Collection : Caroline

Numéro 01
Caroline - Livre 2 - Chapitre 1


Quelques explications :


Je vis avec Caroline depuis bientôt dix ans. Mon épouse est une personne formidable dans la vie de tous les jours. Au niveau de la famille, du boulot, tout lui réussit. Ce n’est pas ce qu’on pourrait appeler un canon au sens propre du terme, mais elle a tout d’une petite femme jolie et très plaisante à regarder.


Nous avons une vie sexuelle bien remplie et nous adorons discuter et échanger sur les sujets qui tournent autour du sexe. Ainsi m’est venue l’idée de raconter quelques-unes de nos expériences ici et également sa vie avant moi, puisqu’elle a bien profité avant notre rencontre.


Je vais donc commencer par le livre 2, il raconte nos débuts et nos premières expériences. Le livre 1, quant à lui, se chargera de raconter ses souvenirs, sa vie avant moi.







J’ai aujourd’hui, trente-sept ans et Caroline, trente-six. Nous nous rencontrâmes en septembre 2012 – les plus matheux d’entre vous se seront chargés de faire le calcul de nos âges actuels – via un site de rencontre comme il était, je pense, courant pour notre génération.

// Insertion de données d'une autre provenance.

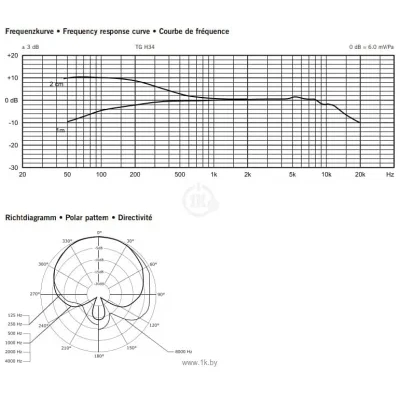 Beyerdynamic TG 534 Headworn Set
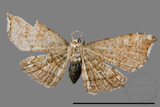 ǦW:Chundana emarginata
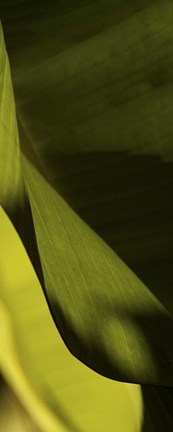 Framed Leaf Detail III Print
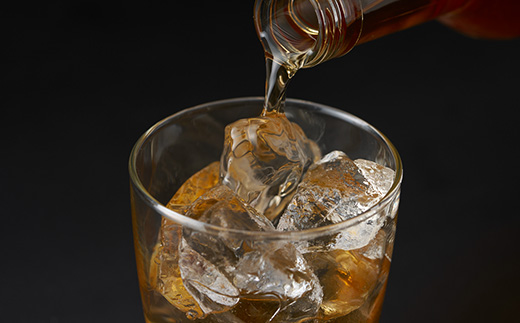 譴驟偵鬢ィ螻ア蝓(繧「繝ォ繧ウ繝シ繝ォ蠎ヲ謨ー 20蠎ヲ)縲500mlテ1譛ャ縲1486742縲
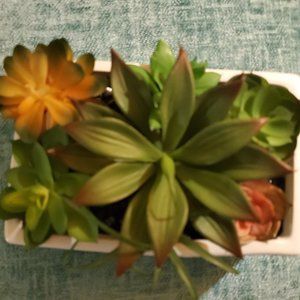 Artificial Succulent in white container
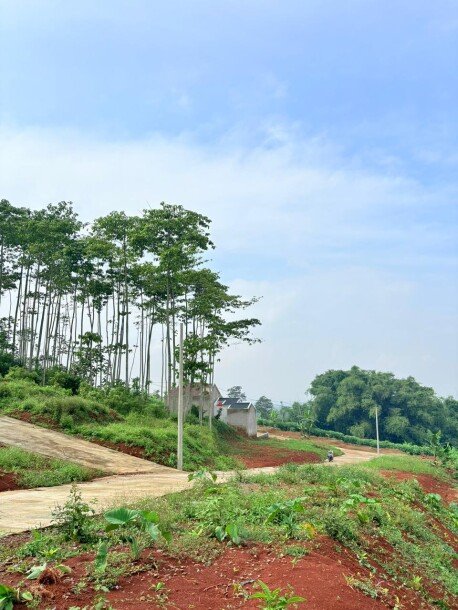 Investasi Tanah di Cileunyi – Lingkungan Asri, Bebas Banjir, Cocok untuk Villa-6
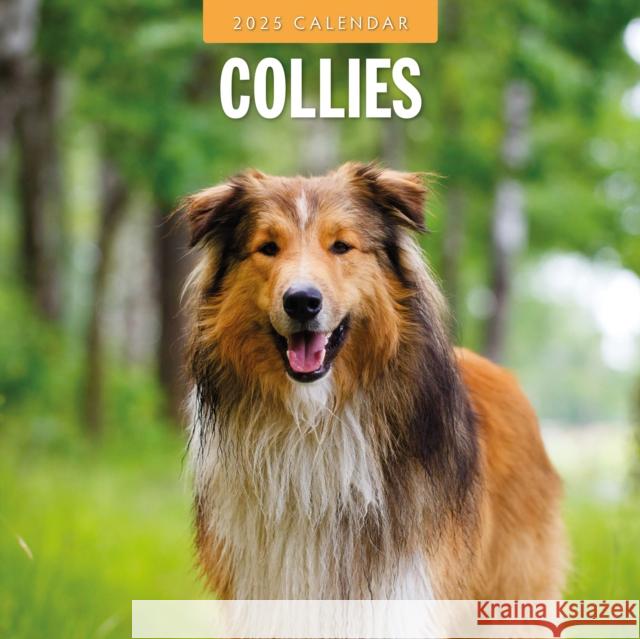 Collies 2025 Square Wall Calendar Red Robin 9781804424513 Red Robin Publishing Ltd. - książka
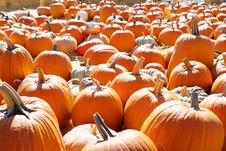 Pumpkin Patch Royalty Free Stock Photo Pumpkin Patch Royalty Free Stock Photo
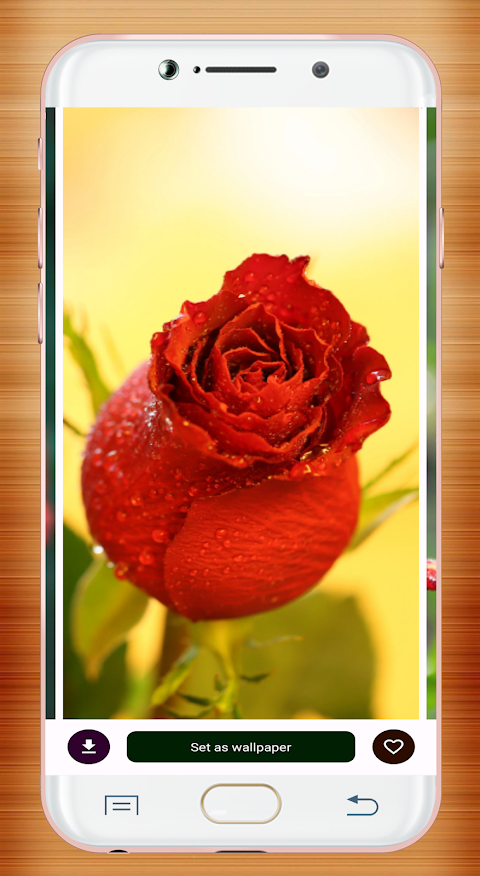 Red Rose Wallpaperảnh chụp màn hình 14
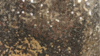 Glitz Sequin - Glamour Gold - 85x85 rental in San Antonio, TX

Cela offrait la possibilité de concentrer une jolie quantité de célibataires par zones géographiques et, si on arrivait à sortir du lot en rédigeant une fiche agréable, ça pouvait rapidement se transformer en jackpot.


Cela faisait trois mois que j’étais sur ce site. Je m’y étais inscrit quelques heures après l’annonce de rupture de mon ex-copine, Élodie. Malgré quatre ans de vie commune, elle avait préféré repartir vers ses premières amours, à savoir : les femmes. Les copains avaient beau dire « au moins, tu n’as rien à te reprocher, elle n’est pas partie avec un mec », je n’y croyais pas une seule seconde.

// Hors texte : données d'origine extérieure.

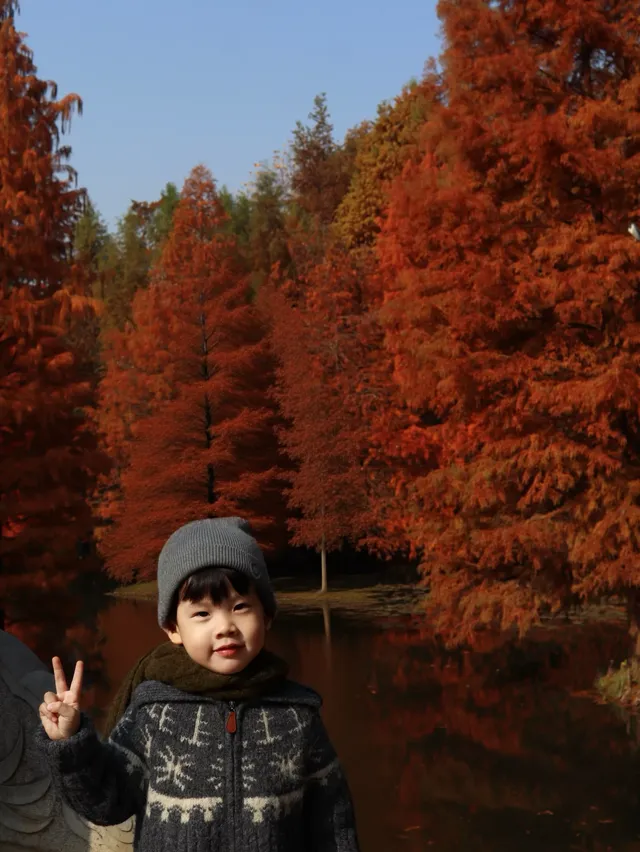 12.1明孝陵實況,落羽杉美到失語了 12.1明孝陵實況,落羽杉美到失語了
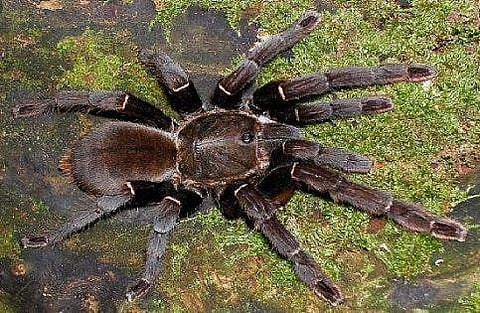 ചിലന്തി വിഷം ഔഷധമാണ്! മാരക വേദനകളെ ഇല്ലാതാക്കുമെന്ന് പഠനം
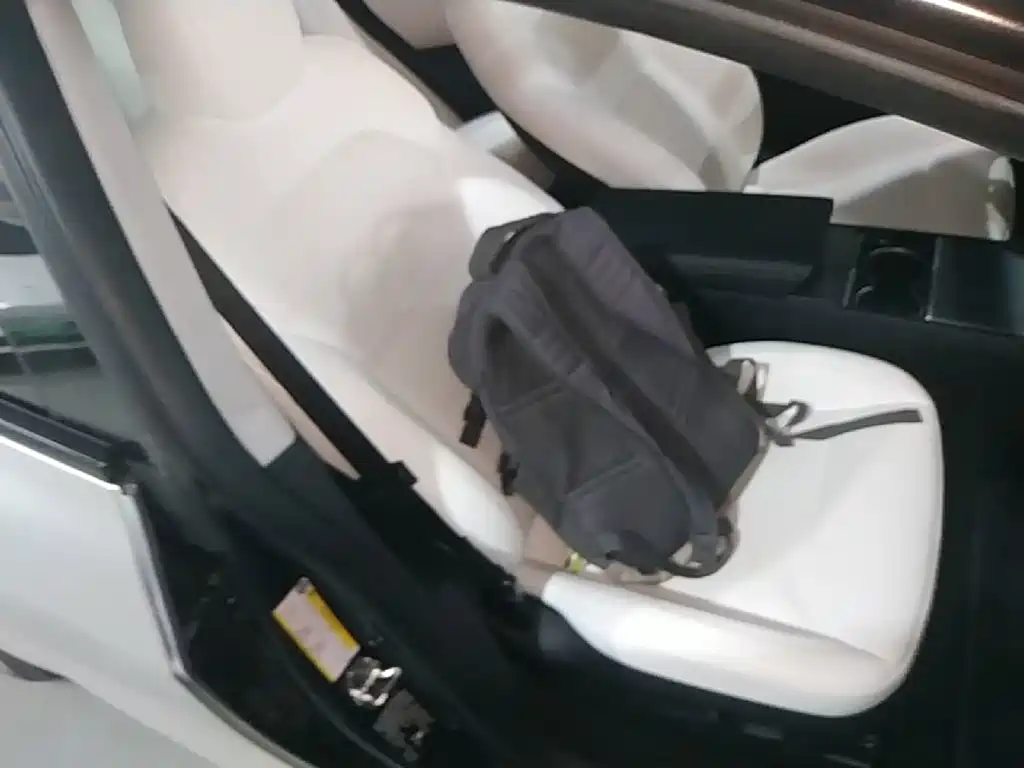 Tesla Model 3 — миниатюра 25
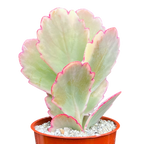 Kalanchoe fedtschenkoi variegata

Être remplacé, c’était blessant, être remplacé par le sexe opposé, ça l’était encore plus.



Vexé, je me souviens avoir activé ce compte, sorti ma CB et m’être pris un abonnement pour retrouver la confiance qui était en train de s’envoler à vitesse Mach 4. Le soir même, j’échangeais avec des filles du coin. Je ne vais pas vous raconter tout ce qui se passa pendant trois mois, mais il y eut de gros flops et de gros succès. Le début n’avait pas été facile et il avait fallu redécouvrir les codes… il avait surtout fallu que je sache comment je voulais avancer et que je reprenne confiance.

Une fois que j’y arrivai, et que tous les deux jours je me réveillais dans un lit étranger au mien, j’eus envie de me poser et de retrouver une relation dite… normale.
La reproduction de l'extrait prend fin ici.